If info = mmax+1 - more than mmax intervals were generated

Application Notes

This routine is intended to be called only by other LAPACK routines, thus the interface is less user-friendly. It is intended for two purposes:

(a) finding eigenvalues. In this case, ?laebz should have one or more initial intervals set up in ab, and ?laebz should be called with ijob=1. This sets up nab, and also counts the eigenvalues. Intervals with no eigenvalues would usually be thrown out at this point. Also, if not all the eigenvalues in an interval i are desired, nab(i,1) can be increased or nab(i,2) decreased. For example, set nab(i,1)=nab(i,2)-1 to get the largest eigenvalue. ?laebz is then called with ijob=2 and mmax no smaller than the value of mout returned by the call with ijob=1. After this (ijob=2) call, eigenvalues nab(i,1)+1 through nab(i,2) are approximately ab(i,1) (or ab(i,2)) to the tolerance specified by abstol and reltol.

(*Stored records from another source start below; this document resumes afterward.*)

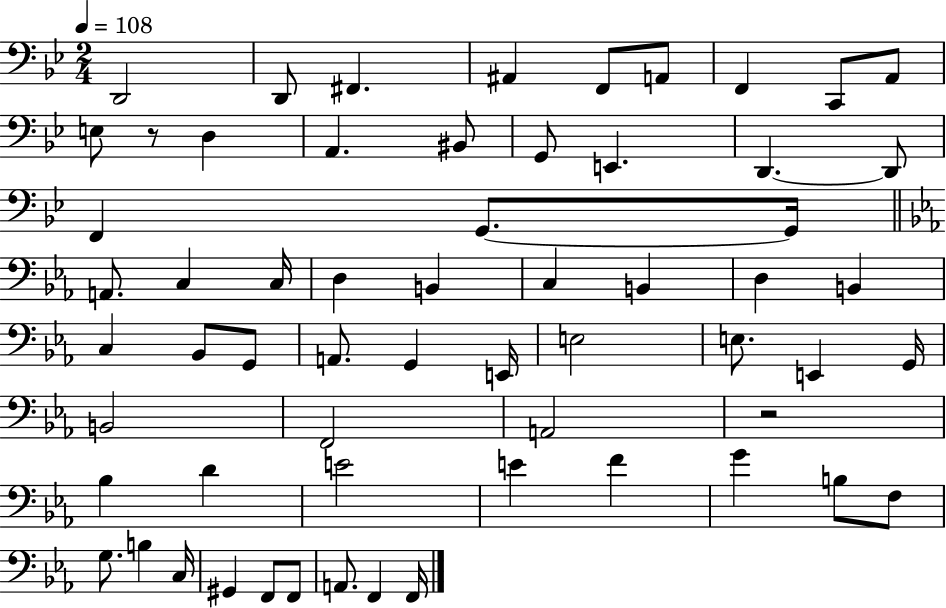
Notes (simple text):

D2/h D2/e F#2/q. A#2/q F2/e A2/e F2/q C2/e A2/e E3/e R/e D3/q A2/q. BIS2/e G2/e E2/q. D2/q. D2/e F2/q G2/e. G2/s A2/e. C3/q C3/s D3/q B2/q C3/q B2/q D3/q B2/q C3/q Bb2/e G2/e A2/e. G2/q E2/s E3/h E3/e. E2/q G2/s B2/h F2/h A2/h R/h Bb3/q D4/q E4/h E4/q F4/q G4/q B3/e F3/e G3/e. B3/q C3/s G#2/q F2/e F2/e A2/e. F2/q F2/s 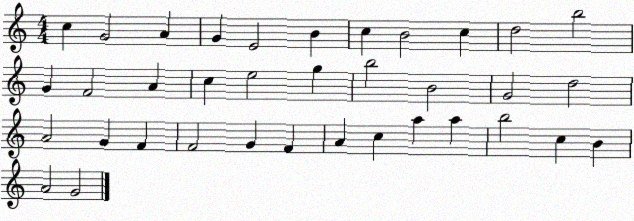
X:1
T:Untitled
M:4/4
L:1/4
K:C
c G2 A G E2 B c B2 c d2 b2 G F2 A c e2 g b2 B2 G2 d2 A2 G F F2 G F A c a a b2 c B A2 G2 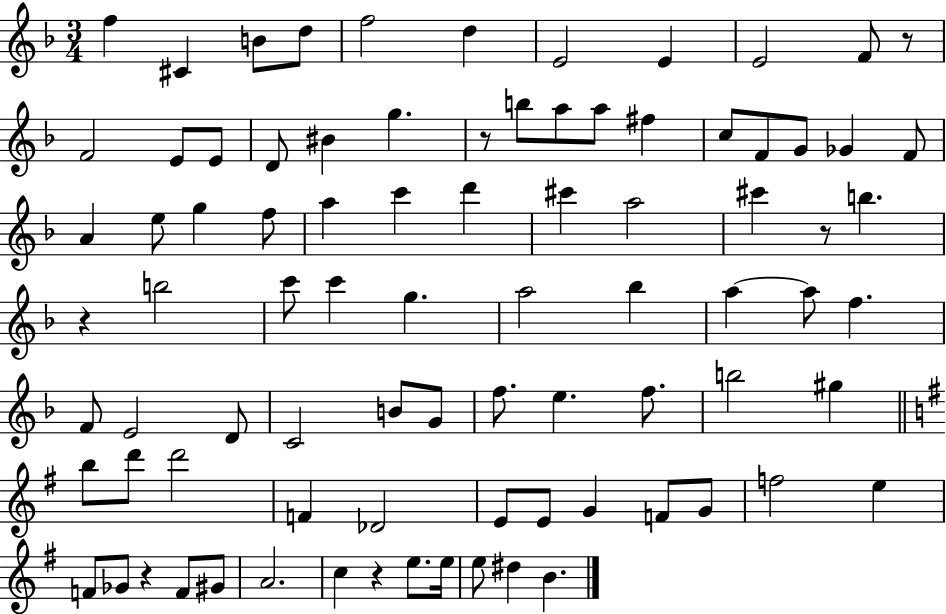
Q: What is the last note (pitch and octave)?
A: B4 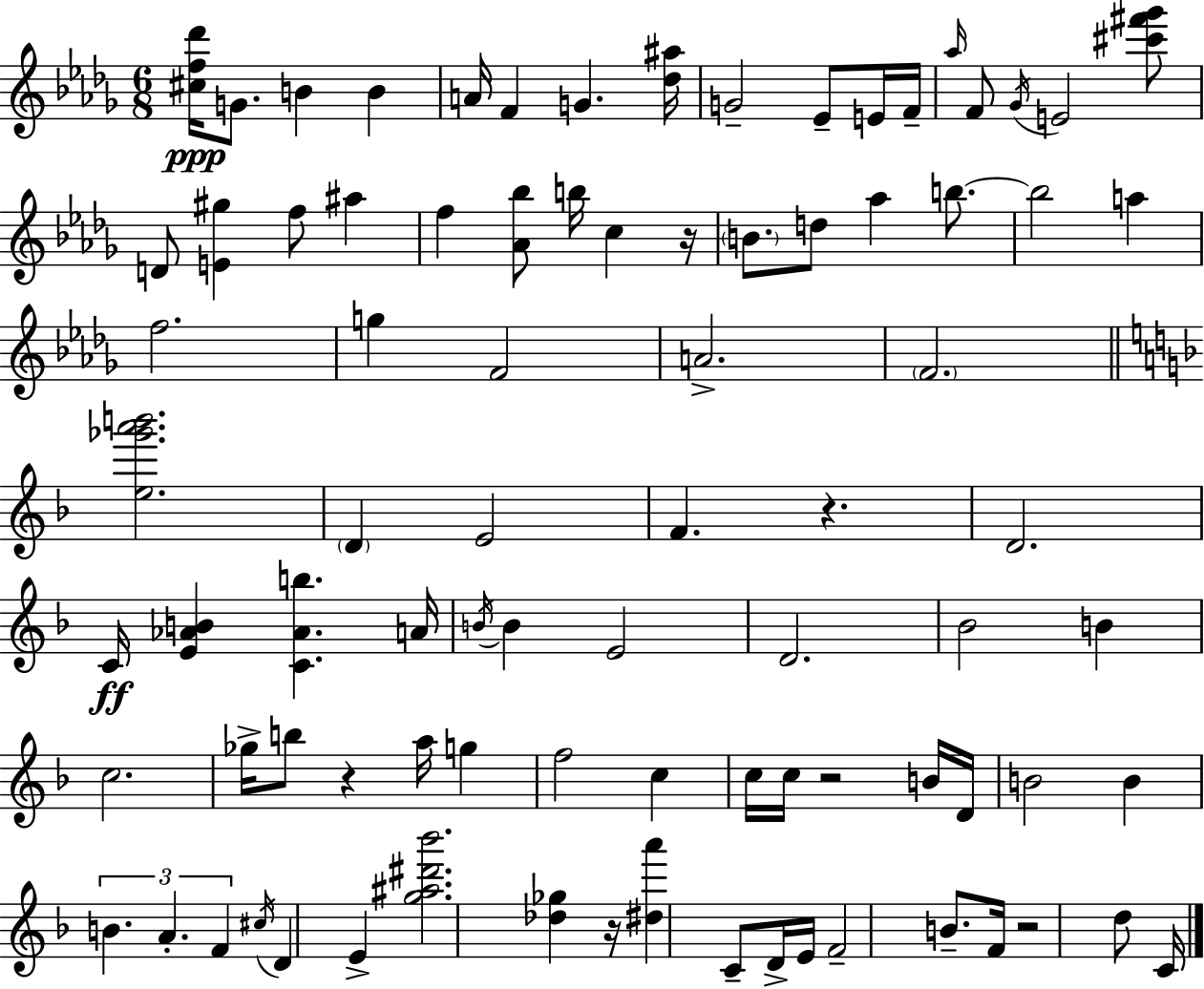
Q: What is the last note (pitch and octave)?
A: C4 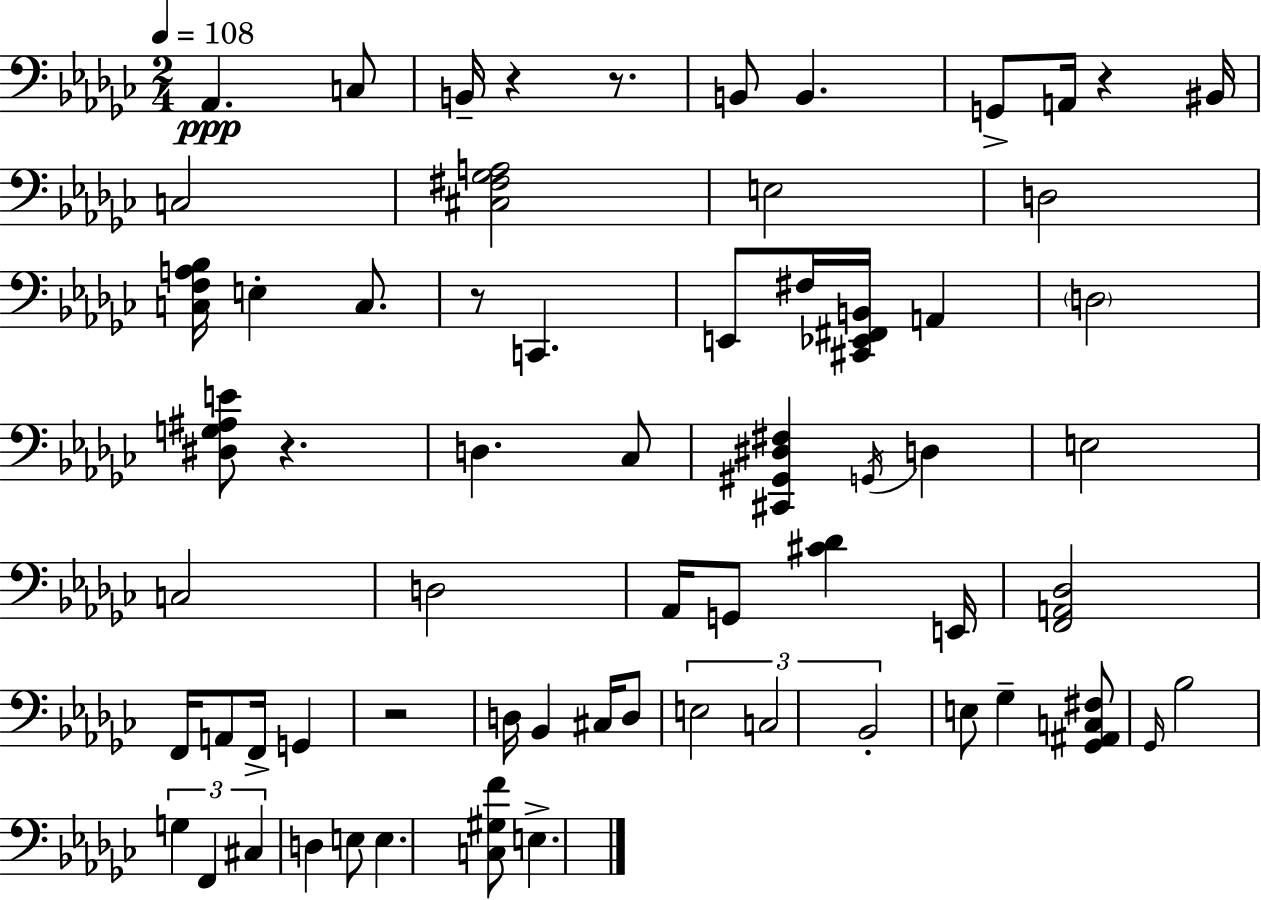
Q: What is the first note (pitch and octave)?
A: Ab2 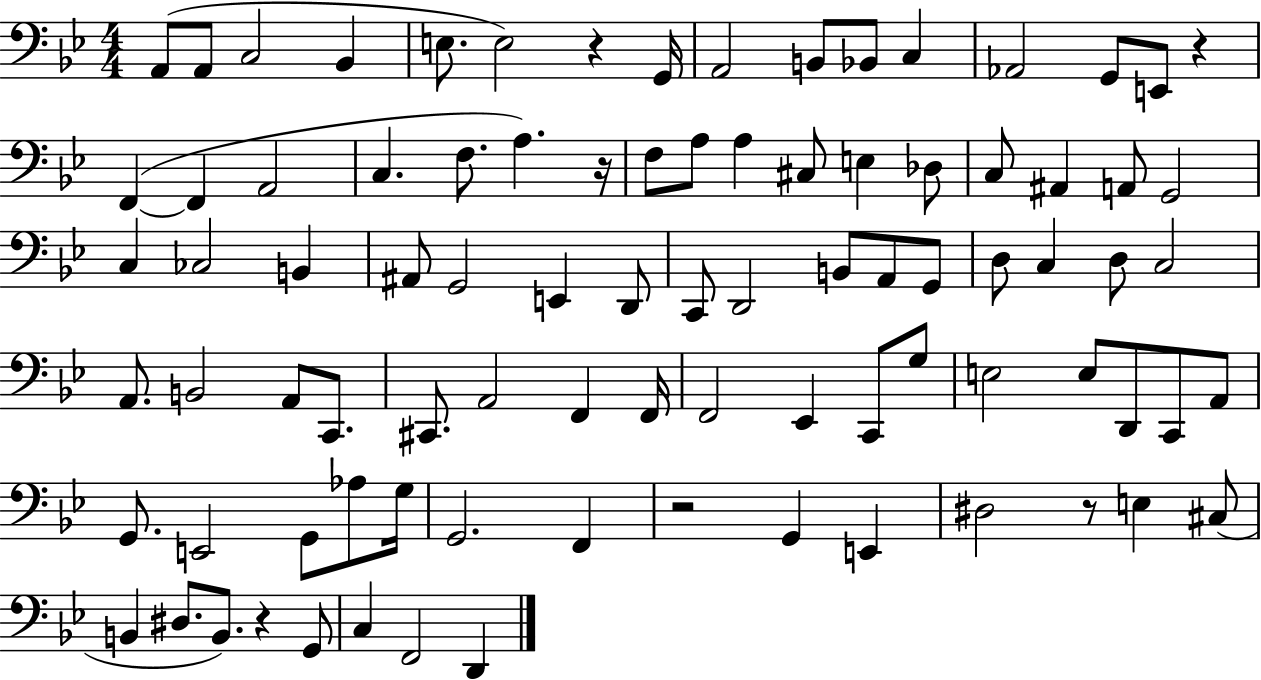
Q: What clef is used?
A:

(b) finding an interval (a',b'] containing eigenvalues w(f),...,w(l). In this case, start with a Gershgorin interval (a,b). Set up ab to contain 2 search intervals, both initially (a,b). One nval element should contain f-1 and the other should contain l, while c should contain a and b, respectively. nab(i,1) should be -1 and nab(i,2) should be n+1, to flag an error if the desired interval does not lie in (a,b). ?laebz is then called with ijob=3. On exit, if w(f-1) < w(f), then one of the intervals -- j -- will have ab(j,1)=ab(j,2) and nab(j,1)=nab(j,2)=f-1, while if, to the specified tolerance, w(f-k)=...=w(f+r), k > 0 and r 0, then the interval will have n(ab(j,1))=nab(j,1)=f-k and n(ab(j,2))=nab(j,2)=f+r. The cases w(l) < w(l+1) and w(l-r)=...=w(l+k) are handled similarly.